Estou sentada num banco de um ônibus público, voltando para casa. Homens, mulheres, idosos e crianças estampam seu cansaço rotineiro em suas testas. Alguns conversam com amigos, alguns até puxam papo com um desconhecido, outros (como eu) simplesmente navegam nas letras de um cantor talentoso. Fico num canto, olhando para a janela. Eu sempre gostei de ficar assim, observando a paisagem – que não era tão bela assim –, batendo meus dedos suavemente na janela e deixando que meus fones de ouvido cumpram a função de ecoar a bela voz de Corey Taylor sobre todo o meu sistema auditivo.
Um homem senta-se ao meu lado. Era alto, grisalho, com cheiro de borracha e tão acima do peso que parecia beirar uma hipertensão. O homem se reconfortou em seu assento, demonstrando a todos seu cansaço. Ele se recosta numa posição de pouco mais de 100° e navega em seu mundo interior. Ele parecia se sentir quase confortável.
Isso seria ótimo, se eu não estivesse pior graças a ele.
O desconhecido me esmagou para a janela do ônibus somente com suas pernas.

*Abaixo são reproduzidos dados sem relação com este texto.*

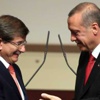 Yeni proje: Erdoğan ile Davutoğlu’nun arasını nasıl açarız?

Espero um tempinho, na esperança de ele estar apenas se espreguiçando, ou algo do tipo, mas o tempo passa e o senhor continua a me esmagar com suas pernas abertas.
Olho incrédula para ele, que esboça uma feição de questionamento, mas pouco demais torna a se recostar, ignorando minha presença, me comprimindo e estragando meu clima gostoso com a janela e a música de Corey Taylor. Ninguém olha para nós, ninguém diz nada, ninguém vê o erro.
Porque aquilo era… “normal”.
Enquanto era espremida como uma lata de refrigerante, me peguei pensando sobre aquilo, e percebi algo.
Eu não consigo me sentar com as penas abertas.
Sempre fui criada de forma conservadora, forma esta que abomina determinadas atitudes vindas de uma mulher, como sentar-se com as pernas abertas. Hoje, por educação – ou não –, eu simplesmente não consigo sentar-me relaxadamente não somente em lugares públicos, como também em minha própria privacidade.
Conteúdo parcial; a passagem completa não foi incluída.